### Material provided ###
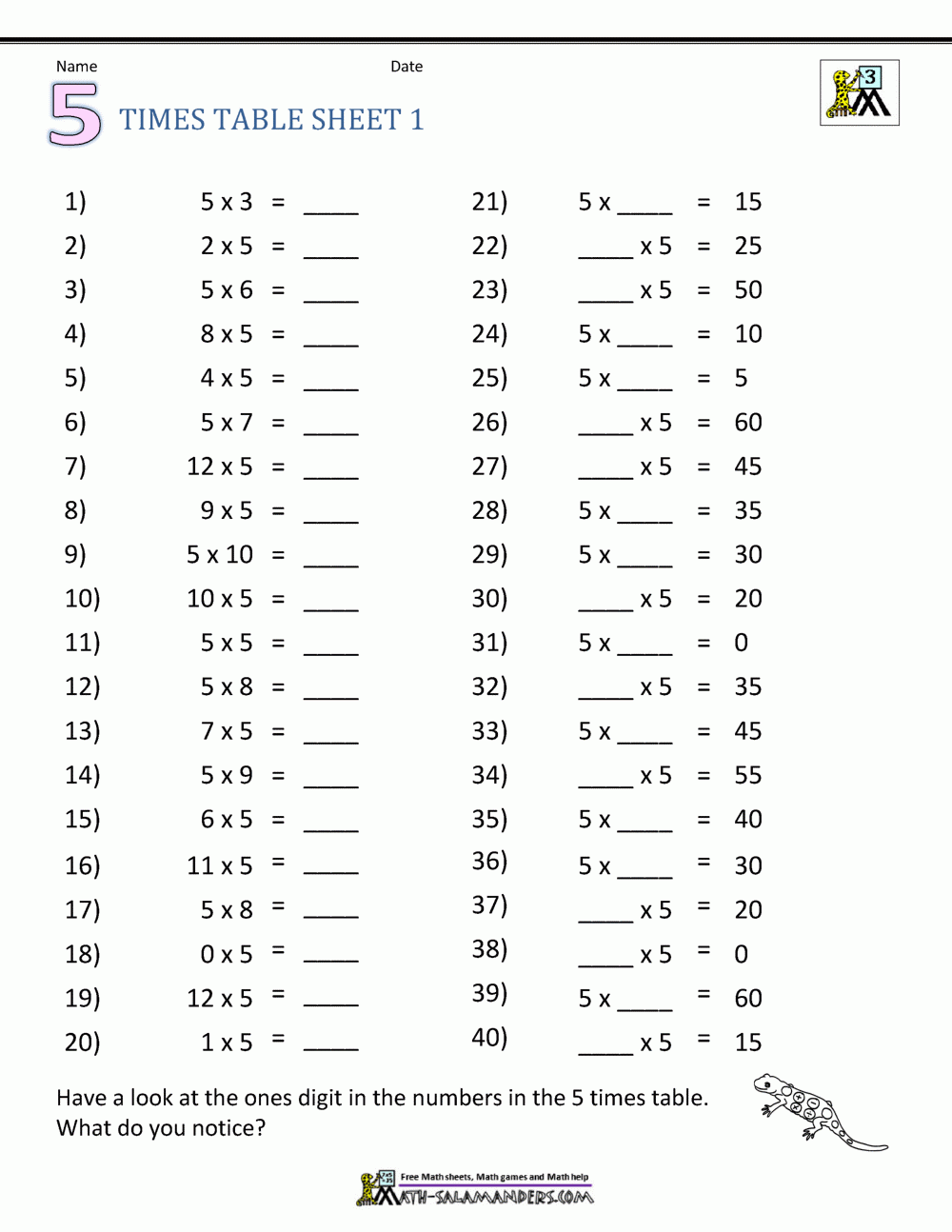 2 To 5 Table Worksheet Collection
###
### Material provided ###
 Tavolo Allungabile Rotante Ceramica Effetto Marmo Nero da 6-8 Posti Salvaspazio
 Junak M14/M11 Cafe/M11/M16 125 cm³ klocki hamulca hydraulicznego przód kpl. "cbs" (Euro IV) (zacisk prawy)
###
▸ Exercise description
Of the entries above, repeat exactly the lines from the line with "Tavolo Allungabile Rotante" through the line with "Junak M14/M11 Cafe/M11/M16", both of them included.

▸ Solution to this exercise
 Tavolo Allungabile Rotante Ceramica Effetto Marmo Nero da 6-8 Posti Salvaspazio
 Junak M14/M11 Cafe/M11/M16 125 cm³ klocki hamulca hydraulicznego przód kpl. "cbs" (Euro IV) (zacisk prawy)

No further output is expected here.